======== Exercise data ========
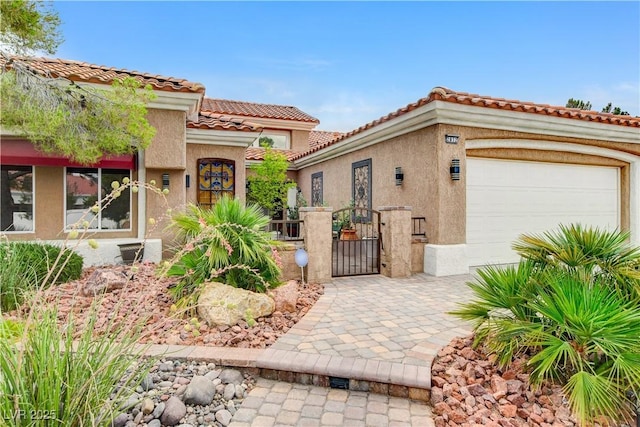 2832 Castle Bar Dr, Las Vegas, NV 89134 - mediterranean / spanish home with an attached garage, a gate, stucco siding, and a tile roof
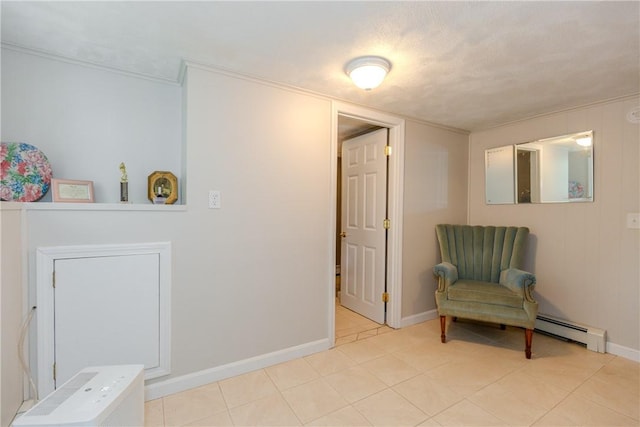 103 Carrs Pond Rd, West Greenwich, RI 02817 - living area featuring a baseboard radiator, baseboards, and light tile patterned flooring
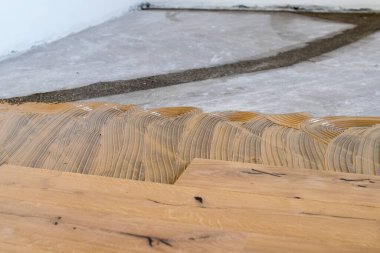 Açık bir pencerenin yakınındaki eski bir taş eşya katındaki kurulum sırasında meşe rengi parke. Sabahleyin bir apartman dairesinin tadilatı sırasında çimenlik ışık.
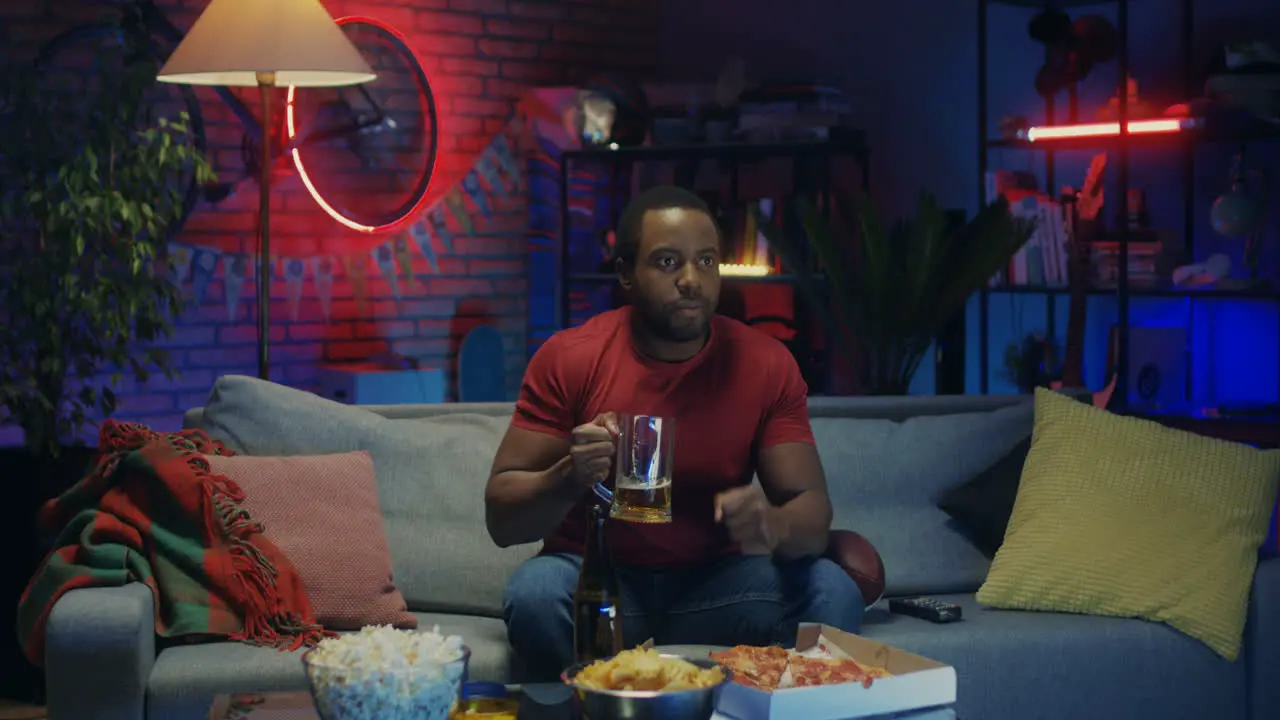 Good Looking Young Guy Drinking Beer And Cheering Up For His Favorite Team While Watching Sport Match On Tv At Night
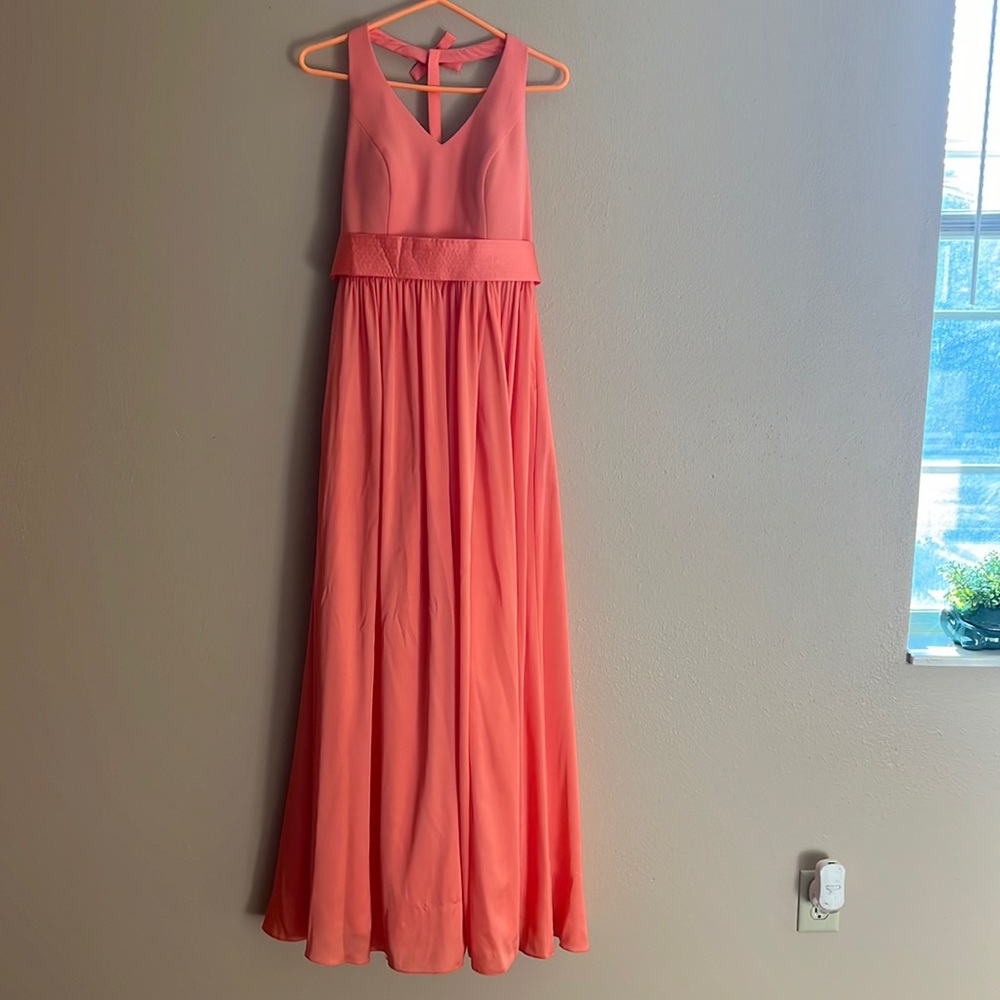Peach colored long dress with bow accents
========
Please return the records as they stand, word for word, with no pictures.

Output of the exercise
 2832 Castle Bar Dr, Las Vegas, NV 89134 - mediterranean / spanish home with an attached garage, a gate, stucco siding, and a tile roof
 103 Carrs Pond Rd, West Greenwich, RI 02817 - living area featuring a baseboard radiator, baseboards, and light tile patterned flooring
 Açık bir pencerenin yakınındaki eski bir taş eşya katındaki kurulum sırasında meşe rengi parke. Sabahleyin bir apartman dairesinin tadilatı sırasında çimenlik ışık.
 Good Looking Young Guy Drinking Beer And Cheering Up For His Favorite Team While Watching Sport Match On Tv At Night
Peach colored long dress with bow accents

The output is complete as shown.